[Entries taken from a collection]
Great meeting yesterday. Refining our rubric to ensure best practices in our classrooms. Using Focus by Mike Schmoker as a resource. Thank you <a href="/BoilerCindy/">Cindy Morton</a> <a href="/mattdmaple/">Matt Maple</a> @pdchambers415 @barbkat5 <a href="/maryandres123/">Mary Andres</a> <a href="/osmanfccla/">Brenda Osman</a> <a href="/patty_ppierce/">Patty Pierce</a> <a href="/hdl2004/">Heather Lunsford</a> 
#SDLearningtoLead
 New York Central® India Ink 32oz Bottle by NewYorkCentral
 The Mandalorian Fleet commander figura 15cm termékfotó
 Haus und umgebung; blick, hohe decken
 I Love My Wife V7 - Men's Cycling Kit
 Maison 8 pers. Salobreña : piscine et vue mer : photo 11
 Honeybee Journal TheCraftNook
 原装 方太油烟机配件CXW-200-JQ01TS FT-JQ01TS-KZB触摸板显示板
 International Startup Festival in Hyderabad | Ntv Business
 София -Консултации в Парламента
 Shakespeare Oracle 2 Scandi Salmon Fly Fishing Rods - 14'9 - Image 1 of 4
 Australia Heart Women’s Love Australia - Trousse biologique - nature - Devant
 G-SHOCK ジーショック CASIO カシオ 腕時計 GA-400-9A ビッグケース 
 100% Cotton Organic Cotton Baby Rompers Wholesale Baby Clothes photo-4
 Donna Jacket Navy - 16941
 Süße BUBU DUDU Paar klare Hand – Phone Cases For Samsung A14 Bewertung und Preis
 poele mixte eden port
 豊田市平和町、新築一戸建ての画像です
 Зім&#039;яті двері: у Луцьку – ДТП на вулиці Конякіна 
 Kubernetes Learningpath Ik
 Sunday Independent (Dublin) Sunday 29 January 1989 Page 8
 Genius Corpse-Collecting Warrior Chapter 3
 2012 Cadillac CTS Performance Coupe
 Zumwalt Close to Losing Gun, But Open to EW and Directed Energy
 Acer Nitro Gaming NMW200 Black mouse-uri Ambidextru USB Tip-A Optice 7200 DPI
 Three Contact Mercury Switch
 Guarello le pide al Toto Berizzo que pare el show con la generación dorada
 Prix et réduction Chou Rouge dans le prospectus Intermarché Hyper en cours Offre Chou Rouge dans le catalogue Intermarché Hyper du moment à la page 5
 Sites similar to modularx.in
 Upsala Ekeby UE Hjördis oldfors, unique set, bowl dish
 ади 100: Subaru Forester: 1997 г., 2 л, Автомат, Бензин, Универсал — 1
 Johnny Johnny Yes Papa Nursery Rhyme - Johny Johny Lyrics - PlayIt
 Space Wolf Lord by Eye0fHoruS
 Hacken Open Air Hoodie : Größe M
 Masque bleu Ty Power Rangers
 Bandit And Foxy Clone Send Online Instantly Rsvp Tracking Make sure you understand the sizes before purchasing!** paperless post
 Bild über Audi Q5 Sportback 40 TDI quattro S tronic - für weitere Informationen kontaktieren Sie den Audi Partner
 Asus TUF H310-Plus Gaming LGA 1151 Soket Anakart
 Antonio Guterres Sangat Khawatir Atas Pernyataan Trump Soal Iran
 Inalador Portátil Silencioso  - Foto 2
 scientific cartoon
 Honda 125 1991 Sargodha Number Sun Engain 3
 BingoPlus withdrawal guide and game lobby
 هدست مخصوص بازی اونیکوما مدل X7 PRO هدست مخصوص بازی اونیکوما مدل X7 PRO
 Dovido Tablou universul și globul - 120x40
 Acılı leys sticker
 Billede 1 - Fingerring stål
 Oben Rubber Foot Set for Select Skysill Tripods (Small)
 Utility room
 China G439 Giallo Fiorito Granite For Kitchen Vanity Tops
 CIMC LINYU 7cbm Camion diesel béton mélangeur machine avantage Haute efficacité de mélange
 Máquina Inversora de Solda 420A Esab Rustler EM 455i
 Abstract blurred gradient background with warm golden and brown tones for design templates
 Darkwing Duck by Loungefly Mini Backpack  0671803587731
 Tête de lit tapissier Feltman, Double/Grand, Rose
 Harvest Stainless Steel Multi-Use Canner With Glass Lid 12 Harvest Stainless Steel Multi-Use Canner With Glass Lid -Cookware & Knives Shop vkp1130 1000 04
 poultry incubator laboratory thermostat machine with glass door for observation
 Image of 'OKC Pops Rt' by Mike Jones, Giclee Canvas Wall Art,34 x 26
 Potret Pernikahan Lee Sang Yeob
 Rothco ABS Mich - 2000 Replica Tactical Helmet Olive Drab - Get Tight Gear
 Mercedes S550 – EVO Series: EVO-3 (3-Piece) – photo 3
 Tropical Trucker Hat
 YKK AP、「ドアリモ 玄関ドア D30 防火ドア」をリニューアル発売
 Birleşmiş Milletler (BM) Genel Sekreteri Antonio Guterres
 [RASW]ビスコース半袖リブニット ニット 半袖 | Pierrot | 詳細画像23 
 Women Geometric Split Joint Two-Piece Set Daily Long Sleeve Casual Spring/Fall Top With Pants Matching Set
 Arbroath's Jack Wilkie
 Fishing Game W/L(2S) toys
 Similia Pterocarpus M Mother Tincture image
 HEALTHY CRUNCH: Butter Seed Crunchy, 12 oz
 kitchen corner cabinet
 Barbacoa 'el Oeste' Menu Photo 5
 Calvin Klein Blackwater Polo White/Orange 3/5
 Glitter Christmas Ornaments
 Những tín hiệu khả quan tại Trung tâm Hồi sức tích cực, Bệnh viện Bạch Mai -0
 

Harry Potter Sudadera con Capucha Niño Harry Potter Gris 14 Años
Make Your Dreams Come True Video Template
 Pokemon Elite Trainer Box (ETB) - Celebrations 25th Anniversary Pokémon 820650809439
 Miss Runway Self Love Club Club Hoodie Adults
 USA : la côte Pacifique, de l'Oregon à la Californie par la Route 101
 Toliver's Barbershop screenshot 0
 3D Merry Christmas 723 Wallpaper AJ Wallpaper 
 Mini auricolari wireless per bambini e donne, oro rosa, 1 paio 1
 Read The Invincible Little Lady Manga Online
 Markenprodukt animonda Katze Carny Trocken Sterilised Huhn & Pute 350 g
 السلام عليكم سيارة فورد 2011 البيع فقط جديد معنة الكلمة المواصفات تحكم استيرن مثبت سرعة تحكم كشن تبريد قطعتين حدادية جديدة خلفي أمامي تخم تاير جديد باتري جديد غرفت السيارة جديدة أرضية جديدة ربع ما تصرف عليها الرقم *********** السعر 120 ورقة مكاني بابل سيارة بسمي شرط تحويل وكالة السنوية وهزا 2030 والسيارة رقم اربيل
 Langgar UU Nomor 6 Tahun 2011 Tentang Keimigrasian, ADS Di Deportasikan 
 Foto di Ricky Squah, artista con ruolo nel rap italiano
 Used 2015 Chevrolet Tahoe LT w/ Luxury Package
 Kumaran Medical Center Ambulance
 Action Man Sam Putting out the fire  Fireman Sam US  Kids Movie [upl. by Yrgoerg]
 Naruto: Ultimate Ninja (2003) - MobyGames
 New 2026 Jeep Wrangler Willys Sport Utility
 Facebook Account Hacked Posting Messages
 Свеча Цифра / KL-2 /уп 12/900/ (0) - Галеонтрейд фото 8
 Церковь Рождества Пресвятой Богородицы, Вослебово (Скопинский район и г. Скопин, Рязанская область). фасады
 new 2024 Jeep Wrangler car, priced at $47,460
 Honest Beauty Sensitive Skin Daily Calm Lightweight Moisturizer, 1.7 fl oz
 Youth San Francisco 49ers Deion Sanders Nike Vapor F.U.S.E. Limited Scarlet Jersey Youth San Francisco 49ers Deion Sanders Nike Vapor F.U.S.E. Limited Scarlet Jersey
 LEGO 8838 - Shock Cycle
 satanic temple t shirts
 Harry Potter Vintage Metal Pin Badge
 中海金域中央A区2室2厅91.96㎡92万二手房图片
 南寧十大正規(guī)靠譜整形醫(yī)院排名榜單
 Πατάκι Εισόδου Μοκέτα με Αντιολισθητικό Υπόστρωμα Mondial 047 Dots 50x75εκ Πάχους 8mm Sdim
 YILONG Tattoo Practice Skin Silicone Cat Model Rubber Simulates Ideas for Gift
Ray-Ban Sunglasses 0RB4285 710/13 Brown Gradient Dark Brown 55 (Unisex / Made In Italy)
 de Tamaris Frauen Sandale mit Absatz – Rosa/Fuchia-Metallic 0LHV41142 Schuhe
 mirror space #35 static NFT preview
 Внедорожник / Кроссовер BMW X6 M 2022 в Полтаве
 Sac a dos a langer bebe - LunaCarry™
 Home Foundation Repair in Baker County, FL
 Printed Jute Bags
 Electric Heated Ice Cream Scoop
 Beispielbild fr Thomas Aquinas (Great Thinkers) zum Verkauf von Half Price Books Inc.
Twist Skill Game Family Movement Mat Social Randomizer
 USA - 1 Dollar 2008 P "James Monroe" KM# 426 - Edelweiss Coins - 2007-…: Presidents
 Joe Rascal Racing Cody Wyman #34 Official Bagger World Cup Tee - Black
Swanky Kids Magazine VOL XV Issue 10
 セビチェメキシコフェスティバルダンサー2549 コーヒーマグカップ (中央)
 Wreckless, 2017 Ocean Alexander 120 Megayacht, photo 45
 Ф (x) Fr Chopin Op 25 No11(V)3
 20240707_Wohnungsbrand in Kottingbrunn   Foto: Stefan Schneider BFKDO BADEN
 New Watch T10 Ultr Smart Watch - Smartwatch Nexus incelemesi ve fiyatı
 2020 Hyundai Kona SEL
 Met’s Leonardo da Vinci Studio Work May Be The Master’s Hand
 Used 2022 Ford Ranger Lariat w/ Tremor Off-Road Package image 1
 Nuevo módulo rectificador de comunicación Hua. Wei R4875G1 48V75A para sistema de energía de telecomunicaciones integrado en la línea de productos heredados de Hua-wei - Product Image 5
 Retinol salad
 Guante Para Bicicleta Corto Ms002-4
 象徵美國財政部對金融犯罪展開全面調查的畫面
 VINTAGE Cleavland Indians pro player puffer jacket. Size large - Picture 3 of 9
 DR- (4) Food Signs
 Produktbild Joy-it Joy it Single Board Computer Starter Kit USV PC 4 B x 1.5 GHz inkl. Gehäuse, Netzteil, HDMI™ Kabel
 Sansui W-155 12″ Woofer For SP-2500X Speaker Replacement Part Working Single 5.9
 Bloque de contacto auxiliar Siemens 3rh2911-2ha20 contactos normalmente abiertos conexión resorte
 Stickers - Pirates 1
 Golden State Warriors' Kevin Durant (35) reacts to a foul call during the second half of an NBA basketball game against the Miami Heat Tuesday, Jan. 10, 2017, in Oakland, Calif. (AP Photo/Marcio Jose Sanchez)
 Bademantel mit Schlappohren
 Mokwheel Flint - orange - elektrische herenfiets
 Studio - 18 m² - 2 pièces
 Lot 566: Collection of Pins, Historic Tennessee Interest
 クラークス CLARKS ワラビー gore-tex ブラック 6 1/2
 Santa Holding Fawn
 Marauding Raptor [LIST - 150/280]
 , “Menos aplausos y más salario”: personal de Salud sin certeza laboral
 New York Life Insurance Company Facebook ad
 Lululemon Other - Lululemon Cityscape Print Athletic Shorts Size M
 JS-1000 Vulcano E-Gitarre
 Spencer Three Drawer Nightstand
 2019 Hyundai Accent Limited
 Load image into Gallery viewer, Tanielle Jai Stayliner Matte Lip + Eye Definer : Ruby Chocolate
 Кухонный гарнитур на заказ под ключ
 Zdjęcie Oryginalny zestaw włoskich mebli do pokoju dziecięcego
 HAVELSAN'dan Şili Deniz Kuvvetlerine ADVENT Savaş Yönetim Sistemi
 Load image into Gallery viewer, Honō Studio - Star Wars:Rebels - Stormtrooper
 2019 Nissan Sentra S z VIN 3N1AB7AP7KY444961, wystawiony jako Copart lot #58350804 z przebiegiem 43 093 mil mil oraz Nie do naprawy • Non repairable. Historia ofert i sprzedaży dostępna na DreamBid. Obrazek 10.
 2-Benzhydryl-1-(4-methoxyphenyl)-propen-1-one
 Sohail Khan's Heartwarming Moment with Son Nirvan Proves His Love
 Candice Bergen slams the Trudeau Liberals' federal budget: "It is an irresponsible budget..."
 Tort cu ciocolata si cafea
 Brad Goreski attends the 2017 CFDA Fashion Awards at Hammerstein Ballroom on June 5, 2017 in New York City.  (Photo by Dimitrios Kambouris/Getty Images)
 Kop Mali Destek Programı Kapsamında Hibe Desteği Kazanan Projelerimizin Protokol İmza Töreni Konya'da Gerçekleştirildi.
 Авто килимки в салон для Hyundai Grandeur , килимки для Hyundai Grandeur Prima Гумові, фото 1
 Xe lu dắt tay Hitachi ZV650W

** ASSIGNMENT **
Whenever the word "Skin" shows up in a line above, copy that line.

** EXERCISE ANSWER **
 Honest Beauty Sensitive Skin Daily Calm Lightweight Moisturizer, 1.7 fl oz
 YILONG Tattoo Practice Skin Silicone Cat Model Rubber Simulates Ideas for Gift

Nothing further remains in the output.